Geçmiş yıllarda okulsuz öğrencimiz olmadığı gibi, kırsal kesimde ki kimi okullar taşımalı eğitim gerekçesi ile kapatılmıştı. Şimdi ne oldu, okullar nereye gitti de çocuklarımıza mahalle ya da semtlerinde okul bulunamıyor? Öğretim eğitime darbe vurma, okulların işlevlerini değiştirmek suretiyle yozlaştırılması kimsenin gözünden kaçmıyor. Bir gün bunların geri dönüşü gündeme gelirse hiç kimsenin barıştan, demokrasiden ve birlikte yaşamanın gereklerinden söz etme hakkı olmaz. Eğitimi sınava endeksli olmaktan çıkarmak adına getirilen yeni sistemle 36 sınav önerilmektedir. Bu durum hem sınava endeksliliği yoğunlaştıracak hem de dershanelere daha çok gereksinme duyulmasını getirecek.

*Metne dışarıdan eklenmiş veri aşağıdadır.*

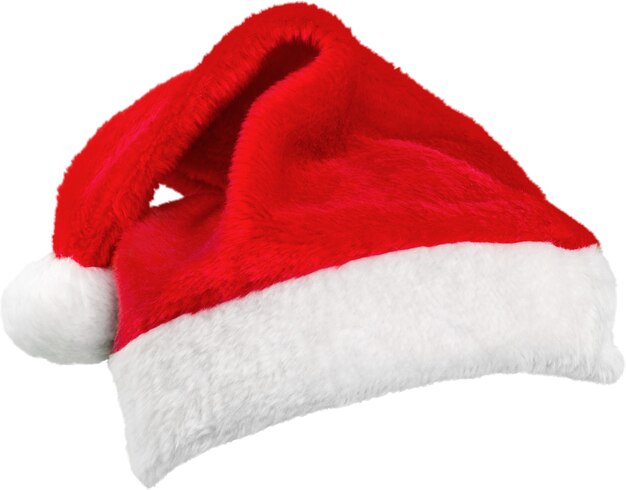 Foto sombrero de navidad santa claus aislado en blanco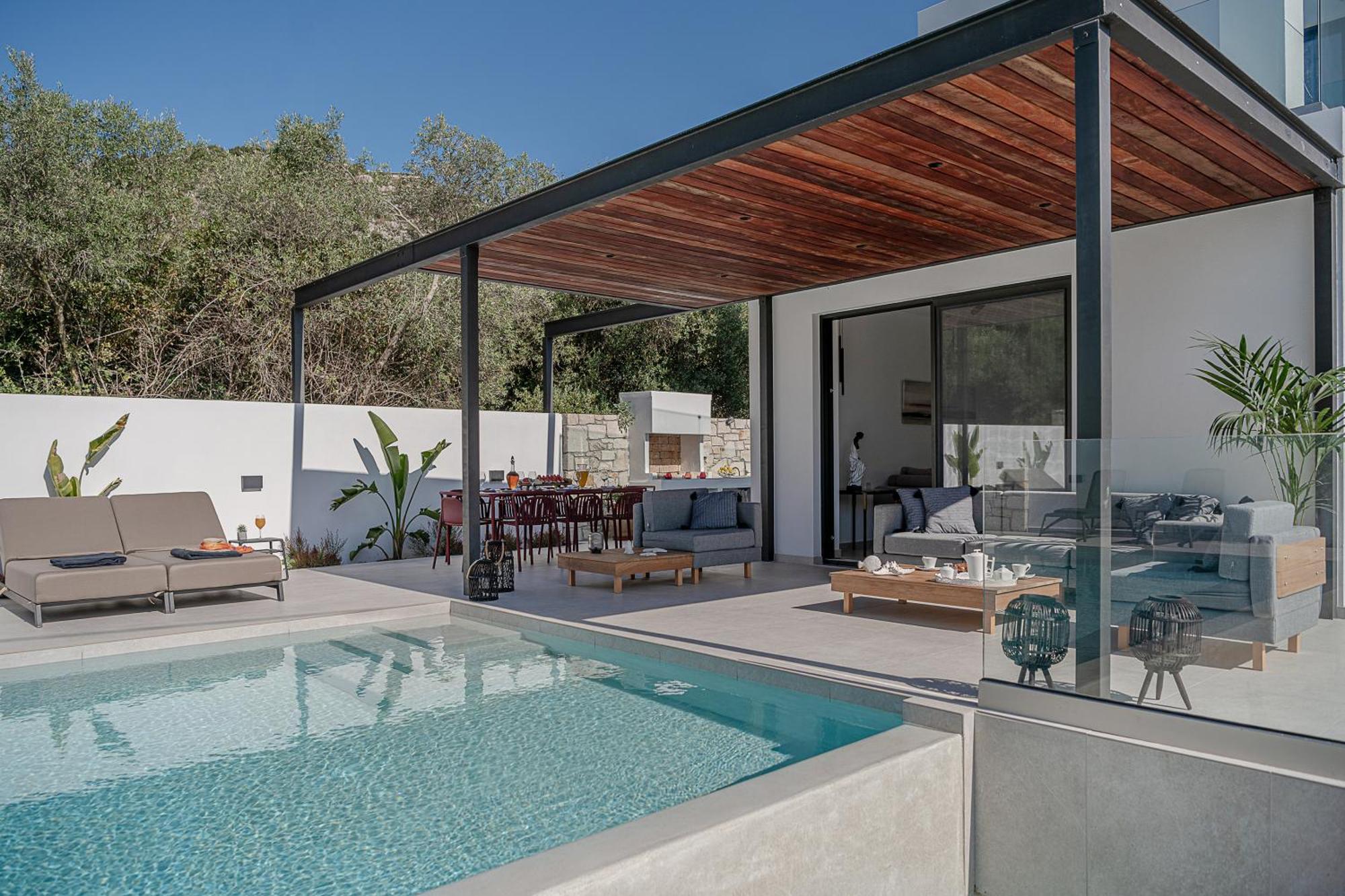 Avrilia Seaside Villa Heated Pool Алмірида Екстер'єр фото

Genel liselerin kaldırılması, SBS’yi kazanamayan öğrencilerin isteklerine bakılmaksızın imam hatip lisesi ya da meslek lisesi seçeneği ile karşı karşıya kalması bir dayatmadır. Genel liselere dokunulmamalı. İmam hatip lisesi açılmak isteniyorsa savaş sanayisine ve başka ülkelerin muhalif güçlerine akıtılan paralarla gerektiği denli imam hatip lisesi açılabilir.
Eğitim kurumlarını, meslekten olmayan, insan ve yurttaş yetiştirme felsefesinden yoksun, niteliksiz sözde eğitimcilerin elinden kurtarmak herkes için kaçınılmazdır. Akşamdan sabaha değiştirilerek getirilen önerilerin hiçbir eğitim bilimsel temeli ve altyapısı yok. Eğitimcilerin örgütleriyle, eğitim uzmanlarıyla ve bu etkinlikte taraf olan, yapılan işlerden doğrudan etkilenen öğrenci, öğretmen ve velilerle görüşmeden alınan kararların elbet ayağı yere basmayacaktır.
Tıpkı, Milli Eğitim Bakanının “Her okulda bir iki iyi öğretmen var,” demesi gibi. Sayın bakan hangi ölçüte dayanarak, hangi araştırmadan yola çıkarak böyle bir açıklama yapıyor, anlamakta zorlanıyoruz. Oysa bizim bildiğimiz öğretmenlerimizin hepsi iyidir. Yalnızca yöneticilerinin eğitim alanı ile ve topluma saygı ile tanışıklığı yoktur.